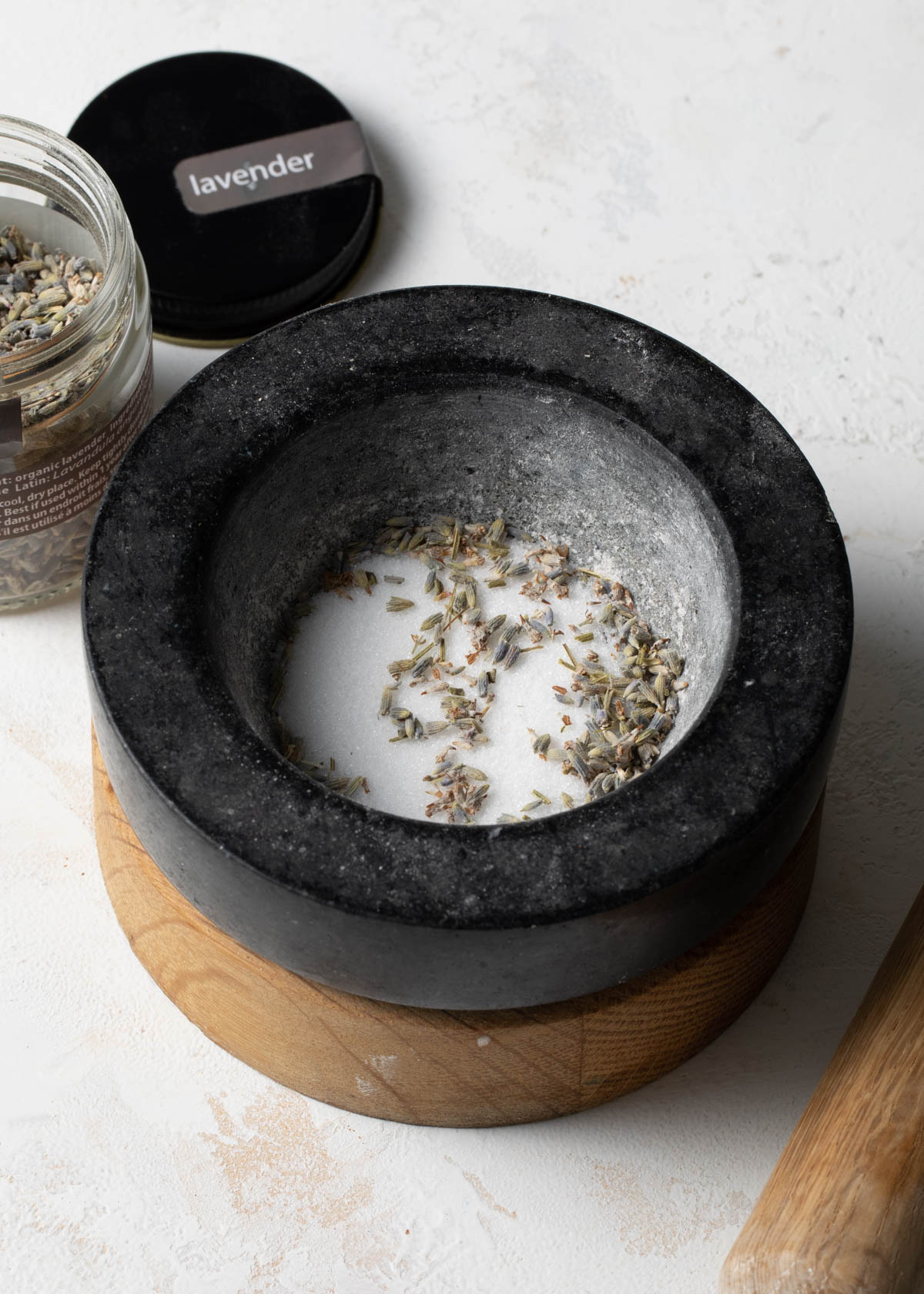 Dried lavender and sugar in a mortar and pestle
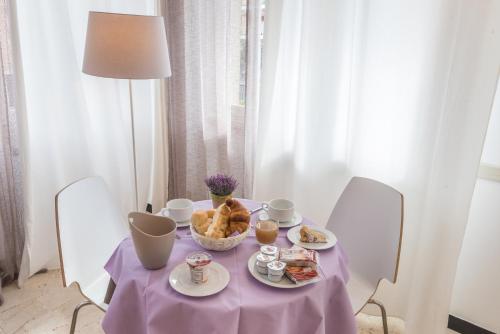 a table with a purple table cloth and food on it at Hotel Villa Nicole in Pietra Ligure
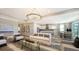 Open concept living space with a modern kitchen and seating area at 1825 Twin Rivers Trl, Parrish, FL 34219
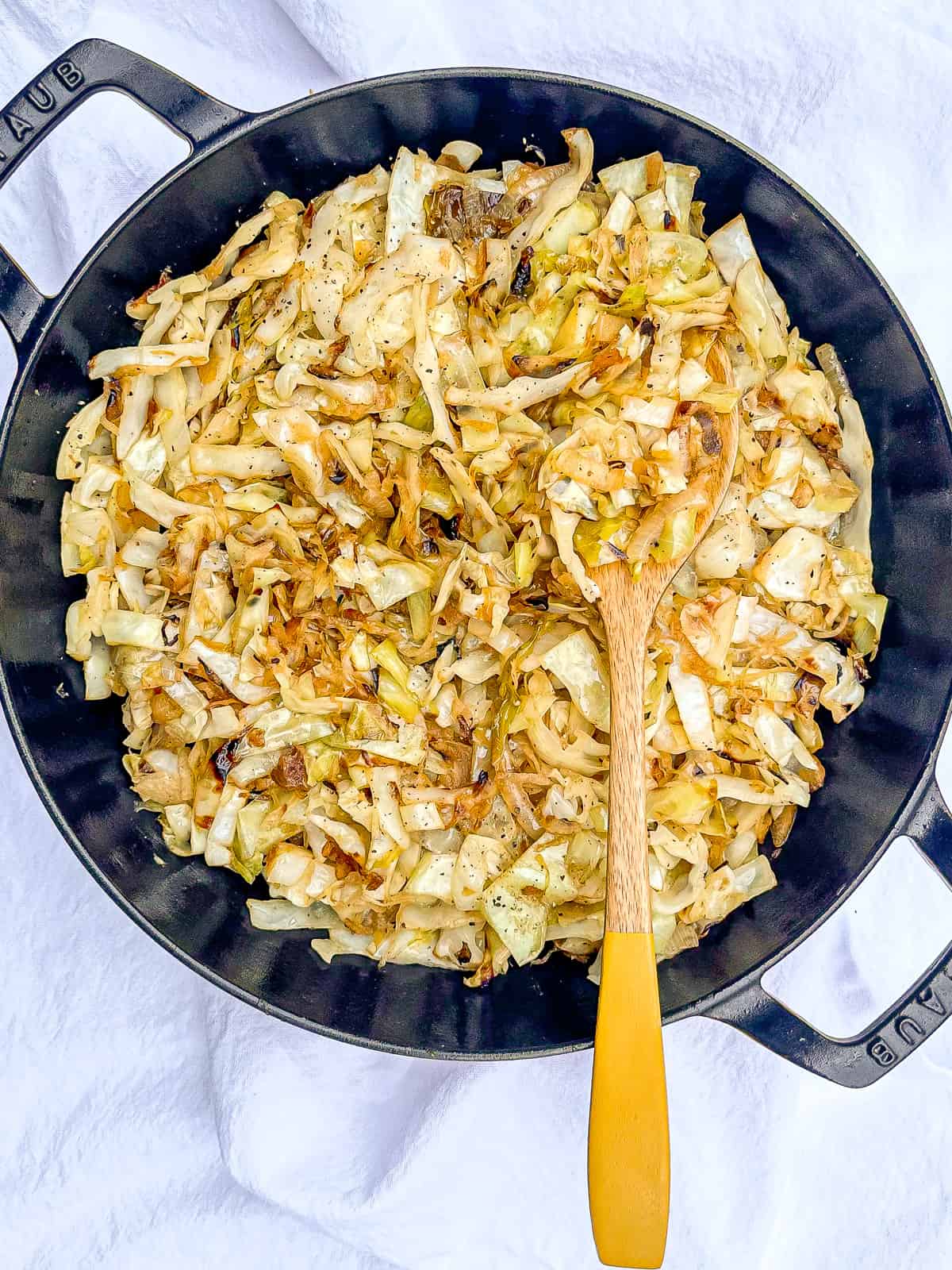 Cast iron pan of southern fried cabbage.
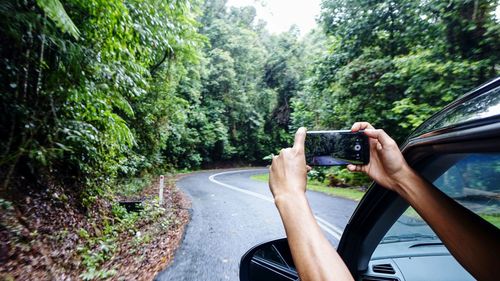 Cropped hands photographing road using smart phone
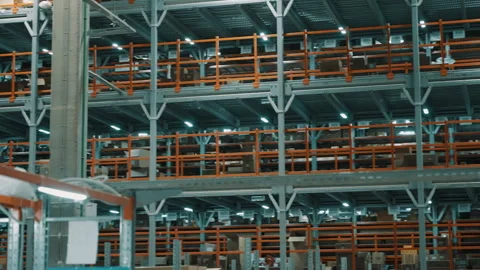 Expansive multilevel warehouse racking filled with pallets and cartons inside an Stock Footage 335861627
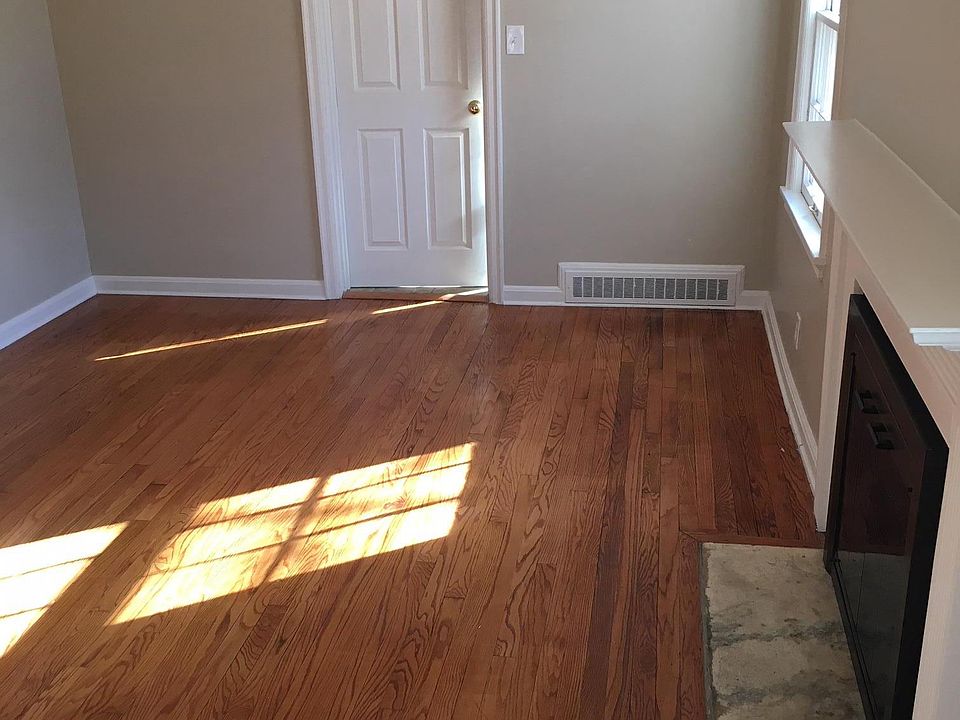 One of the two living rooms . Behind the white door is an extra room that could be used as an office or study.
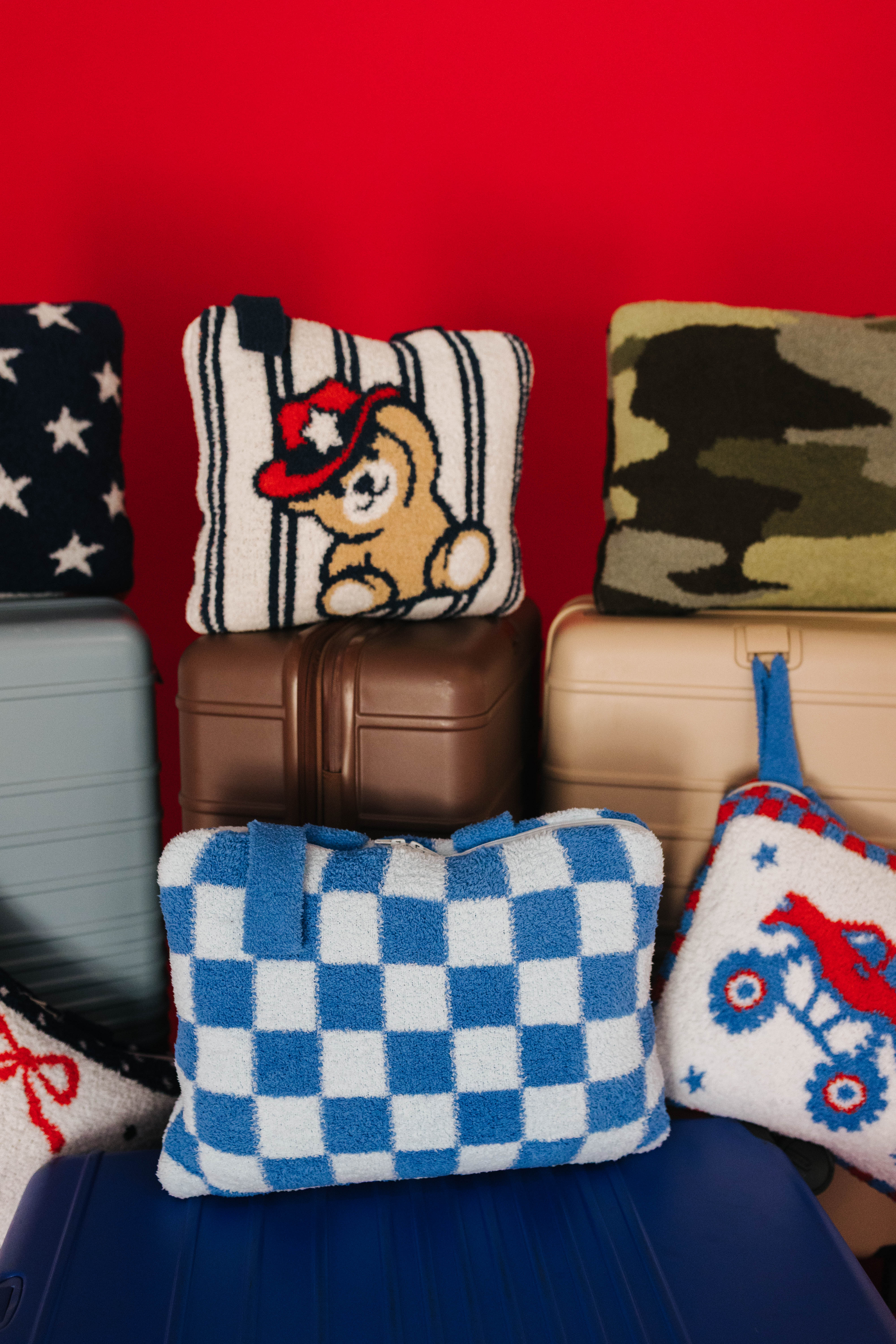 close up of multiple quillow styles on suitcases
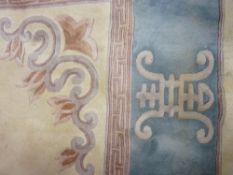 A LARGE CHINESE WASHED WOOLLEN CARPET on a cream ground with wide blue border and character mark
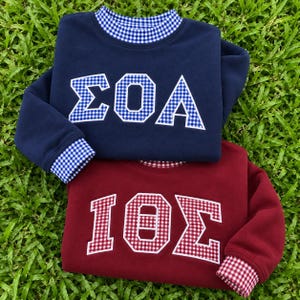 Könnte beinhalten: Ein marineblaues Sweatshirt mit blau-weiß kariertem Kragen, Bündchen und griechischen Buchstaben ΣΘΑ, über einem kastanienbraunen Sweatshirt mit rot-weiß kariertem Kragen, Bündchen und griechischen Buchstaben ΙΘΣ. Beide haben weiße Buchstabenränder.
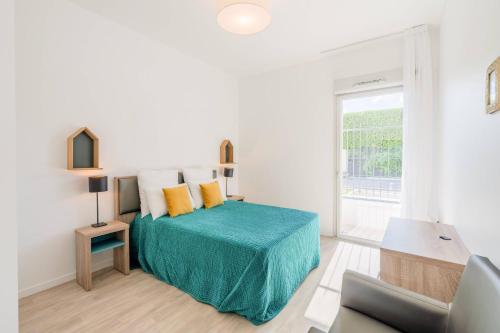 a white bedroom with a bed with a green blanket at Quality Aparthotel Parc Marne la Vallée in Bailly-Romainvilliers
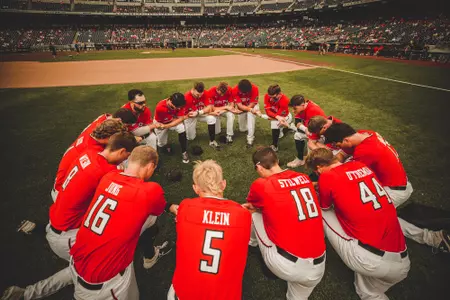Team huddle prayer cws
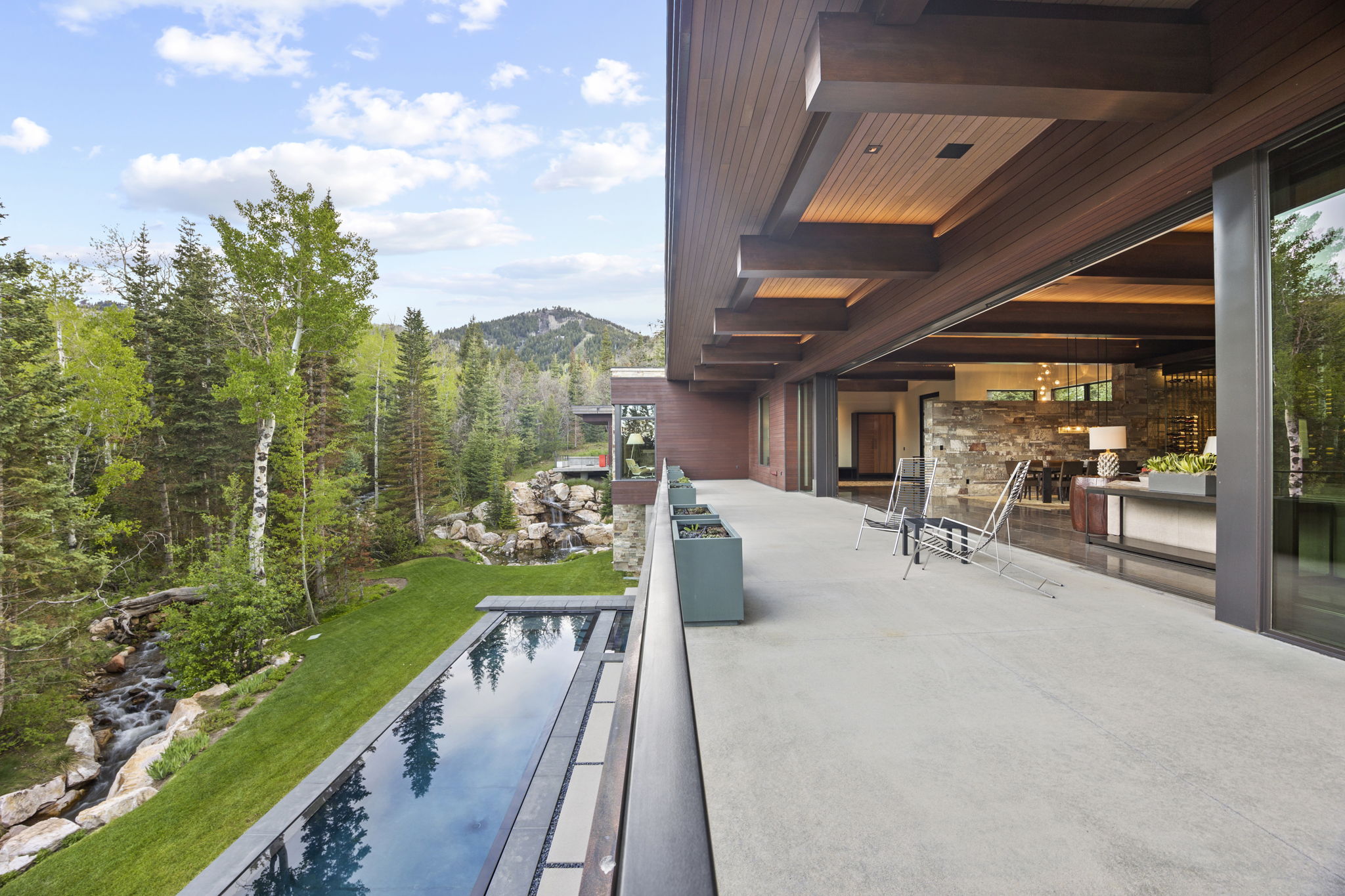 Expansive outdoor patio with an infinity-edge pool, providing direct access to the interior living space through large sliding glass doors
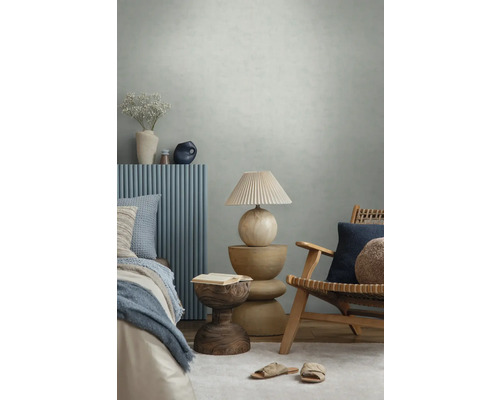 Modernes Schlafzimmer mit strukturierter Tapete, Holzmöbeln, blauen Wandpaneelen, dekorativer Lampe und Textilien in einer hellen Atmosphäre.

═══

WORK REQUIRED:
Extract the full listing above verbatim; pictures are to be left out of the copy.

WRITTEN SOLUTION:
 Dried lavender and sugar in a mortar and pestle
 a table with a purple table cloth and food on it at Hotel Villa Nicole in Pietra Ligure
 Open concept living space with a modern kitchen and seating area at 1825 Twin Rivers Trl, Parrish, FL 34219
 Cast iron pan of southern fried cabbage.
 Cropped hands photographing road using smart phone
 Expansive multilevel warehouse racking filled with pallets and cartons inside an Stock Footage 335861627
 One of the two living rooms . Behind the white door is an extra room that could be used as an office or study.
 close up of multiple quillow styles on suitcases
 A LARGE CHINESE WASHED WOOLLEN CARPET on a cream ground with wide blue border and character mark
 Könnte beinhalten: Ein marineblaues Sweatshirt mit blau-weiß kariertem Kragen, Bündchen und griechischen Buchstaben ΣΘΑ, über einem kastanienbraunen Sweatshirt mit rot-weiß kariertem Kragen, Bündchen und griechischen Buchstaben ΙΘΣ. Beide haben weiße Buchstabenränder.
 a white bedroom with a bed with a green blanket at Quality Aparthotel Parc Marne la Vallée in Bailly-Romainvilliers
Team huddle prayer cws
 Expansive outdoor patio with an infinity-edge pool, providing direct access to the interior living space through large sliding glass doors
 Modernes Schlafzimmer mit strukturierter Tapete, Holzmöbeln, blauen Wandpaneelen, dekorativer Lampe und Textilien in einer hellen Atmosphäre.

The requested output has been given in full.